Start with a Markdown cell describing what you're going to do, which is:

1. Filter the data (make a new `DataFrame` containing a subset of the rows) to include only urban respondents. What variable in our dataset contains this information? Why are we interested in this subset? Explain in a few sentences. __(2 marks)__
2. Create a new column that codes whether or not someone feels rushed more often than once a week. What values does this new column rely upon, what does each value represent, and what is its Python type? __(2 marks)__
3. Create a new variable that codes whether or not someone has reported to have driven a car to work. What values does this new column take, what does each value represent, and what is the Python type? __(2 marks)__
4. Compare how many respondents feel rushed more than at least once a week, for the group of respondents who do not commute by car vs. those who do. What data are we using, and why? Explain in a few sentences. __(2 marks)__
5. Use a visualization to describe your results in 4.  What visualization is most appropriate, and why? How would this visualization be interpreted? Explain in a few sentences. __(2 marks)__

# Computation section

There are a few sections to this, as outlined in the Methods. First, you will subset your dataset for urban respondents. Then you'll add a column that indicates whether a respondent feels rushed more often than once a week, and another column that indicates whether a respondent commutes via car. Finally, we will analyze whether respondents who commute via car feel rushed more often than those who do not commute via car.

## Subset Data

First, let's subset our data to include only respondents who live in Urban areas. 

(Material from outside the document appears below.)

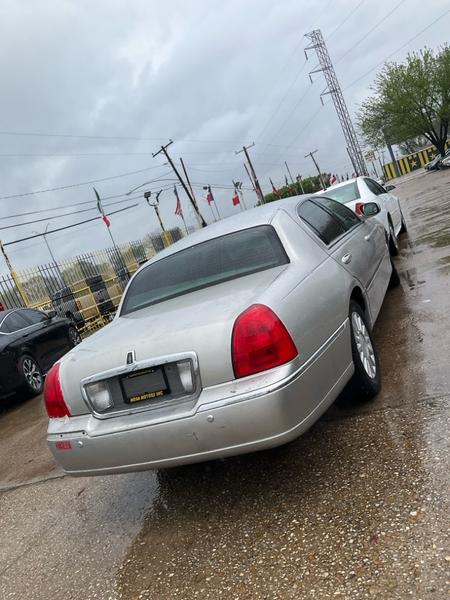 LINCOLN TOWN CAR 2005 price $800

Create these variables along the way. We will check them in the autotester. We will not check your intermediate steps.

+ `urban_respondents_only`: a Boolean `Series` that is `True` when a respondent lives in an Urban area, and `False` otherwise. __(1 mark)__ 
    * Hint: you might want to refer to Lecture 3 or the dataset codebook to determine which values correspond to a respondent in an Urban area
+ `urban_subset_time_use`: a `DataFrame` that contains only Urban respondents. __(1 mark)__



In [None]:
# Subest Data check
print("urban_respondents_only:")
print(urban_respondents_only)
print("urban_subset_time_use:")
print(urban_subset_time_use)

## Create new columns

Let's add two new columns to our dataset of urban respondents. These columns will contain Boolean values.

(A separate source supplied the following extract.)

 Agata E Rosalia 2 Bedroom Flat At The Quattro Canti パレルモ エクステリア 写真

Create the following variables along the way. We will check them in the autotester. We will not check your intermediate steps.

### Feeling rushed

+ `feels_rushed_true`: a Boolean `Series` that is `True` when a respondent feels rushed at least once a week, and `False` otherwise.  __(1 mark)__
+ `feels_rushed_false`: a Boolean `Series` that is `True` when a respondent feels rushed less often than once a week, and `False` otherwise. __(1 mark)__

Use those two variables to create a new column called `'feels_rushed_YN'` in `urban_subset_time_use` that is `True` when a respondent feels rushed at least once a week and `False` otherwise.

In [None]:
# Feeling rushed check
print("feels_rushed_true:")
print(feels_rushed_true)
print("feels_rushed_false:")
print(feels_rushed_false)
clean_time_use_data

### Commute by car

+ `commute_car_true`: a Boolean `Series` that is `True` when a respondent has indicated that they commute via car, and `False` otherwise.  __(1 mark)__
+ `commute_car_false`: a Boolean `Series` that is `True` when a respondent has indicated that they do NOT commute via car, and `False` otherwise. __(1 mark)__

Use those two variables to create a new column in `clean_time_use_data` called `'commute_car_YN'` that is `True` when a respondent has commuted via car and `False` otherwise.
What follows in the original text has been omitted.